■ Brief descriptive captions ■
════════

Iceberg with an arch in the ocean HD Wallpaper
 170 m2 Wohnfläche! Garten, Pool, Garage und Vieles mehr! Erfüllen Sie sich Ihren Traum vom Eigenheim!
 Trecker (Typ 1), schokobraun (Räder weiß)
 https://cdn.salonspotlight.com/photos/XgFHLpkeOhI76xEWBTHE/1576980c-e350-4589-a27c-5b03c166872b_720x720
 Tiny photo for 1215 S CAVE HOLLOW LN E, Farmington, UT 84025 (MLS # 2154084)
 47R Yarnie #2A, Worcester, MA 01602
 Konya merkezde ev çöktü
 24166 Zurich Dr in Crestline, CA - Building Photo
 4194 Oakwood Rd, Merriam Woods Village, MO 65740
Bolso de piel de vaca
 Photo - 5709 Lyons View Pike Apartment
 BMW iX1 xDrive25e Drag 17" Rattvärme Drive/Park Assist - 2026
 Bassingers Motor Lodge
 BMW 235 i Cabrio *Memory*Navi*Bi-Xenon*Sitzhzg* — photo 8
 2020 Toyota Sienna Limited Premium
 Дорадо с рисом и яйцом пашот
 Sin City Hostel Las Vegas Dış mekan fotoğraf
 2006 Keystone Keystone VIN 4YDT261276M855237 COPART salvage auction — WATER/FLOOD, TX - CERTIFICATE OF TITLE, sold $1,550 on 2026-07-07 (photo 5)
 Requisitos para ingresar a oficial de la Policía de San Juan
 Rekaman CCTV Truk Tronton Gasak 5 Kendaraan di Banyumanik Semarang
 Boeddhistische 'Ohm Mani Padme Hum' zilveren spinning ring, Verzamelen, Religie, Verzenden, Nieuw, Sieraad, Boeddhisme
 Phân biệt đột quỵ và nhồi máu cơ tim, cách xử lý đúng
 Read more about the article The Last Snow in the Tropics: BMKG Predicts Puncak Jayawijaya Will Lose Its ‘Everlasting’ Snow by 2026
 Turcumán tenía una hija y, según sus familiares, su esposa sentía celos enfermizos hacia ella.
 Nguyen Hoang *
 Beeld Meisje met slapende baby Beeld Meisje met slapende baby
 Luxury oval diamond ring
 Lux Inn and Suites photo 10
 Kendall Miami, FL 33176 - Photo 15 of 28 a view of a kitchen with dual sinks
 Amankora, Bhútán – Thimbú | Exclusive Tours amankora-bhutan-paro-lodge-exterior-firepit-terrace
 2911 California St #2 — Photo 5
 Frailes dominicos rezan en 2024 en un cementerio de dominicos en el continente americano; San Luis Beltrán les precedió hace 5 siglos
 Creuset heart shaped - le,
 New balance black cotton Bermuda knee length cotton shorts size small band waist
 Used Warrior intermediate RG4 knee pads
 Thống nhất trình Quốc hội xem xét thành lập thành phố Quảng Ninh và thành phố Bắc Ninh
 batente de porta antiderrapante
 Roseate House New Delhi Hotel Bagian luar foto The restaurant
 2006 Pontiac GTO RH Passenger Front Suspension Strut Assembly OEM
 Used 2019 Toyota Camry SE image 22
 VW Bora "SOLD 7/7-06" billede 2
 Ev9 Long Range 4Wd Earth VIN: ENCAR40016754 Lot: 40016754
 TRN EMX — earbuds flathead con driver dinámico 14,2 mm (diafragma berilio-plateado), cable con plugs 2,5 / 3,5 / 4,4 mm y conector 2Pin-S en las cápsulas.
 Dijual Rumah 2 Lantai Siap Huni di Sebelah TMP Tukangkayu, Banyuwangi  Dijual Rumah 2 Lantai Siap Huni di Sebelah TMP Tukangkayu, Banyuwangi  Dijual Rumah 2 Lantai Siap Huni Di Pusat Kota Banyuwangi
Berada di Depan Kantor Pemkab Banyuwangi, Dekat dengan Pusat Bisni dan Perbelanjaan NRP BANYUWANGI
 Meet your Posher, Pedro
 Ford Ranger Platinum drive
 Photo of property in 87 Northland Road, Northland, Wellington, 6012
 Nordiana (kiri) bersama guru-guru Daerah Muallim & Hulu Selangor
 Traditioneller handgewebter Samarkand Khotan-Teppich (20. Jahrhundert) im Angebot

════════

■ What is required ■
Above are the records; repeat exactly the lines from the one holding "Bolso de piel de vaca" down to the one holding "Beeld Meisje met slapende baby Beeld", end lines included.

■ Written answer ■
Bolso de piel de vaca
 Photo - 5709 Lyons View Pike Apartment
 BMW iX1 xDrive25e Drag 17" Rattvärme Drive/Park Assist - 2026
 Bassingers Motor Lodge
 BMW 235 i Cabrio *Memory*Navi*Bi-Xenon*Sitzhzg* — photo 8
 2020 Toyota Sienna Limited Premium
 Дорадо с рисом и яйцом пашот
 Sin City Hostel Las Vegas Dış mekan fotoğraf
 2006 Keystone Keystone VIN 4YDT261276M855237 COPART salvage auction — WATER/FLOOD, TX - CERTIFICATE OF TITLE, sold $1,550 on 2026-07-07 (photo 5)
 Requisitos para ingresar a oficial de la Policía de San Juan
 Rekaman CCTV Truk Tronton Gasak 5 Kendaraan di Banyumanik Semarang
 Boeddhistische 'Ohm Mani Padme Hum' zilveren spinning ring, Verzamelen, Religie, Verzenden, Nieuw, Sieraad, Boeddhisme
 Phân biệt đột quỵ và nhồi máu cơ tim, cách xử lý đúng
 Read more about the article The Last Snow in the Tropics: BMKG Predicts Puncak Jayawijaya Will Lose Its ‘Everlasting’ Snow by 2026
 Turcumán tenía una hija y, según sus familiares, su esposa sentía celos enfermizos hacia ella.
 Nguyen Hoang *
 Beeld Meisje met slapende baby Beeld Meisje met slapende baby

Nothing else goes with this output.